Look through the listing below for the line with "Pacific Great Eastern" and the line with "風神雷神×BEER 黒線画 |". Copy both, along with every line between them, exactly and with no pictures.

* _Task data_
· · · · ·
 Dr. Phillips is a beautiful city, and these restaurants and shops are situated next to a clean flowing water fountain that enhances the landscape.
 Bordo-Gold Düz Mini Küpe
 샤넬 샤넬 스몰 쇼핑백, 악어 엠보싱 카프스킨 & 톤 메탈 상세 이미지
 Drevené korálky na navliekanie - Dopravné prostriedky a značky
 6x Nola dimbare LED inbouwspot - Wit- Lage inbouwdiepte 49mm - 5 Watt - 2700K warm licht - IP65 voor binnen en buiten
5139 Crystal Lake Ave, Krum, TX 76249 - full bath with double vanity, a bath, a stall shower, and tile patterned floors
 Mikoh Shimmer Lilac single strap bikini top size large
· · · · ·
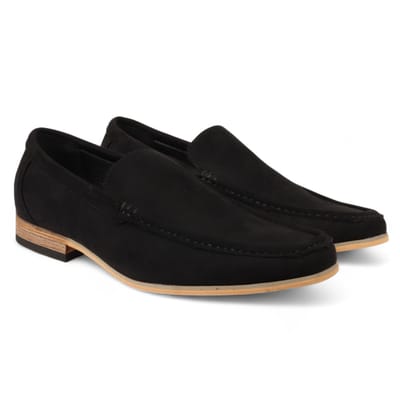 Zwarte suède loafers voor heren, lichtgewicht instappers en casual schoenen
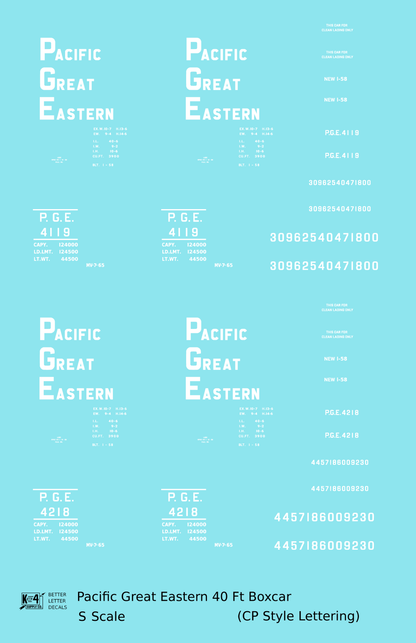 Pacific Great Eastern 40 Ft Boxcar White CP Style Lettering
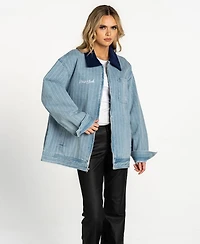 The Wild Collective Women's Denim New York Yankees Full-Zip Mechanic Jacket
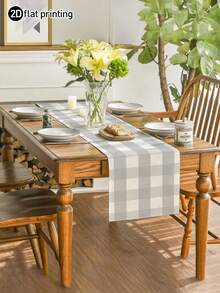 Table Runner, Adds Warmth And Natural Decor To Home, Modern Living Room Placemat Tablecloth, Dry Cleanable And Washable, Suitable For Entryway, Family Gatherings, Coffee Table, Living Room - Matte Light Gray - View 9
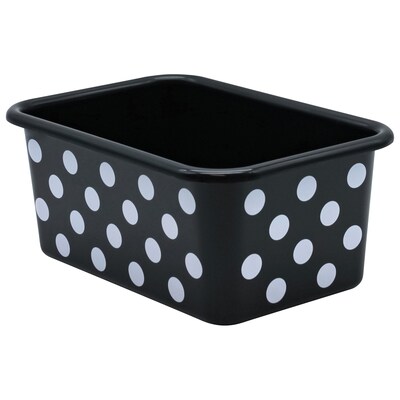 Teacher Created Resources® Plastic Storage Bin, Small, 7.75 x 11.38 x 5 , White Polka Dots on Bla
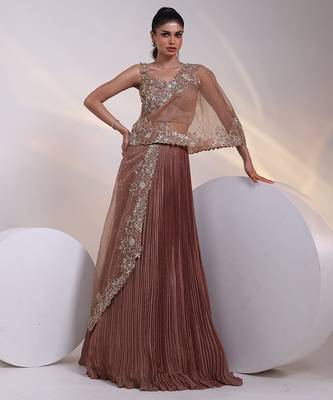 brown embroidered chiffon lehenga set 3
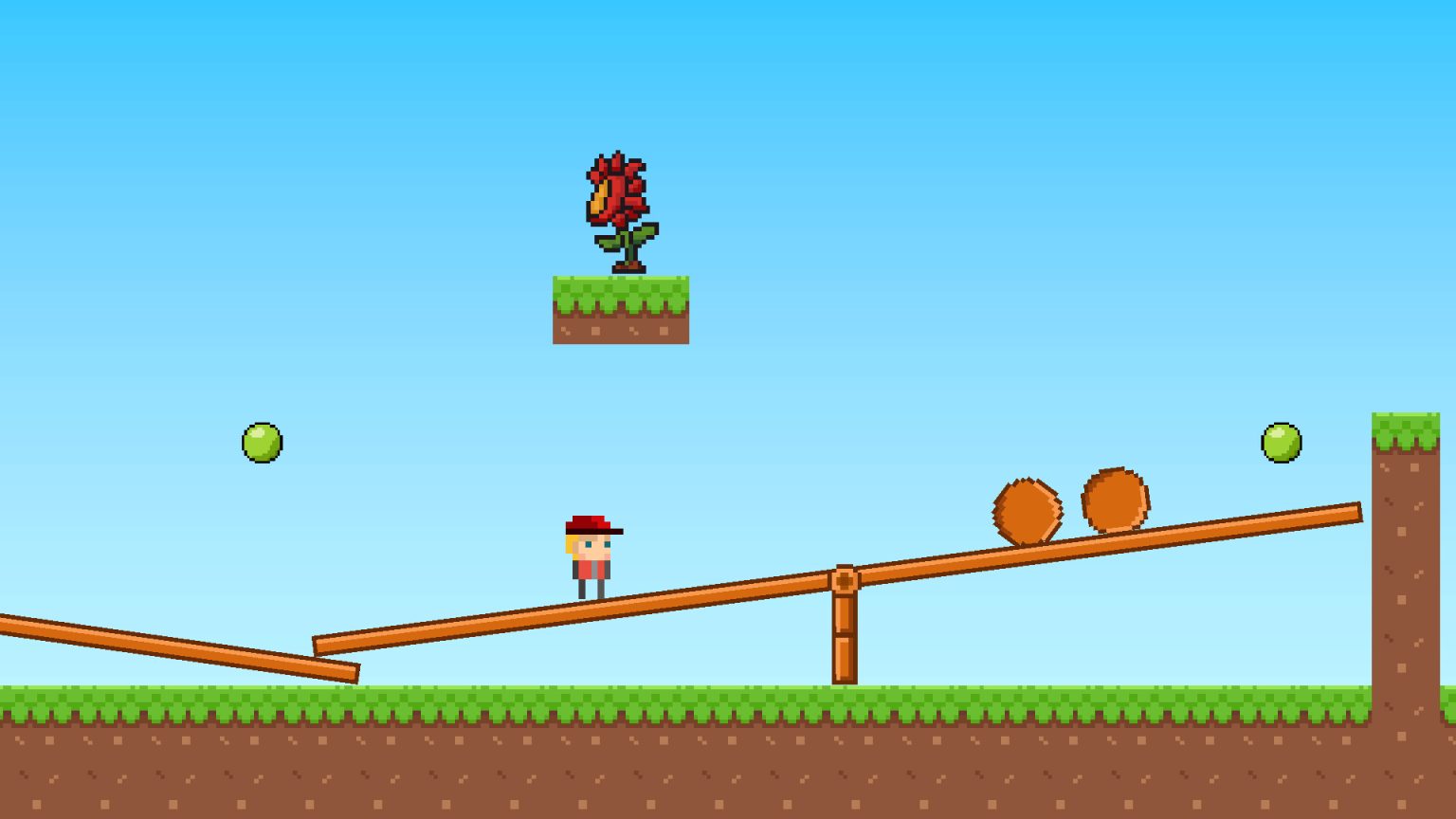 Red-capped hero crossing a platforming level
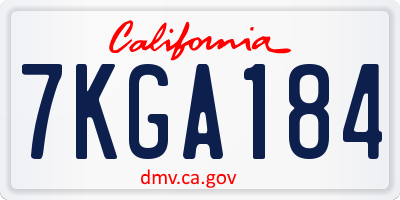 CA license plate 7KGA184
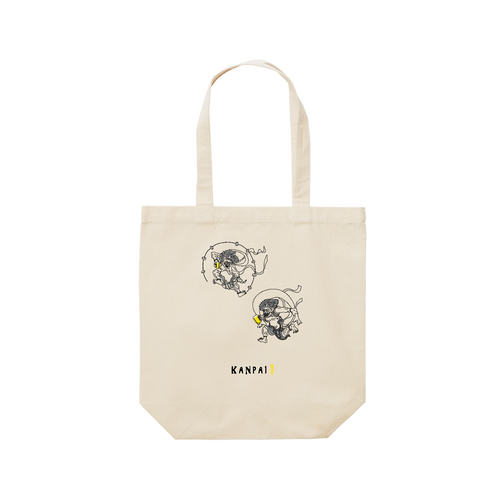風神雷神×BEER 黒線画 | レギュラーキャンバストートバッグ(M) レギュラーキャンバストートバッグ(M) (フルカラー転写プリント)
· · · · ·
* _Exercise output_
 Pacific Great Eastern 40 Ft Boxcar White CP Style Lettering
 The Wild Collective Women's Denim New York Yankees Full-Zip Mechanic Jacket
 Table Runner, Adds Warmth And Natural Decor To Home, Modern Living Room Placemat Tablecloth, Dry Cleanable And Washable, Suitable For Entryway, Family Gatherings, Coffee Table, Living Room - Matte Light Gray - View 9
 Teacher Created Resources® Plastic Storage Bin, Small, 7.75 x 11.38 x 5 , White Polka Dots on Bla
 brown embroidered chiffon lehenga set 3
 Red-capped hero crossing a platforming level
 CA license plate 7KGA184
風神雷神×BEER 黒線画 | レギュラーキャンバストートバッグ(M) レギュラーキャンバストートバッグ(M) (フルカラー転写プリント)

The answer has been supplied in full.